Nurture the networks developed over your career. Solo working is not always the best option and colleague friendships are valuable assets

Ian McNay

Ian McNay

Ian McNay
The Screwed-it-up Letters

Dear Stripling,

1. Take a different undergraduate degree: one that deals more with problem-solving and analysis, though be aware that your anger at the poor quality of the course you did - its organisation and delivery - and the university experience more broadly, will be a driver throughout your career. It will, though, put you off serious reading for 20 years. Poetry will survive its treatment, and some gobbets on socio-linguistics will be of abiding interest, but that is about it. Your postgraduate certificate in education will be even worse, apart from the school pupils, but, again, that insight into the reality of the “system” will stand you in good stead.
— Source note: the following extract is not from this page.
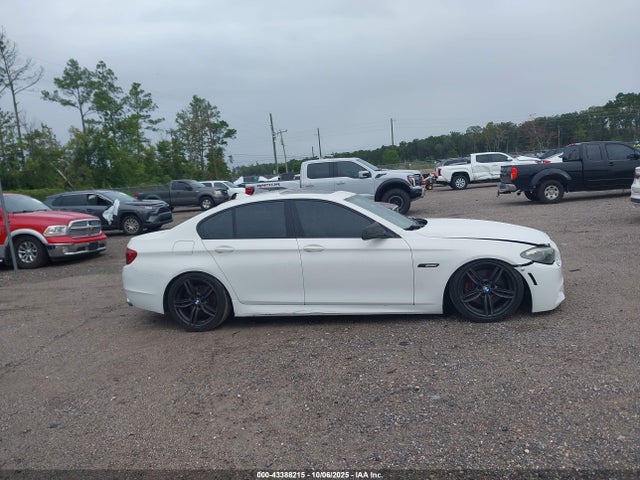 43388215 :رقم المزاد ، WBAFR7C5XDC820376 vin ، 2013 Bmw 535i مزاد بيع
2. Don’t contest your university’s student union presidency against Jack Straw. In the mid-1960s, his “change the world” slogan will always beat “improved services for students” (bo-o-oring).

3. Be more systematic at keeping records, of all sorts - references, quotes, presentations. It will save time, frustration and panic many times through the years. It may also save you from the occasional carelessness, in public print and elsewhere. Did Marlowe really write The Duchess of Malfi? Mind you, that text was checked by three other people with good degrees in English, so you can share your mortification.

4. Curb that sense of humour at key moments, especially at dinners for candidates the night before important job interviews. It gives an impression of lack of gravitas. Po-facedness need not be permanent.

5. Be more assiduous at converting presentations to publications. It matters not how good the conference session was if the only evidence is an A4 sheet of notes.

6. Learn to touch-type and engage earlier with new technologies and their implications for your work - teaching and research. They will become essential before you retire and you cannot escape for ever.

7. Nurture the networks developed at several stages in your career, particularly on the European mainland and more widely internationally. Solo working is not always the best option and colleague friendships are valuable assets.

8. Withdraw from the invited conference lecture in Chile and go to the job interview at Huddersfield. This is better than being exhausted and blowing it on the later occasion.

9. Be firm and formal with underperforming subordinates. In several cases it will be better to dismiss them after due process than try to develop them, although you do have to try.

10. Continue to speak truth to power and try to provoke evidence-based debate and decision-making. The holders of power will not like it and your career trajectory will not rise as high as you wish, but you will retain your professional integrity and the respect of those people whom you also respect.

Senescent Sage

Ian McNay is professor emeritus of higher education and management at the University of Greenwich.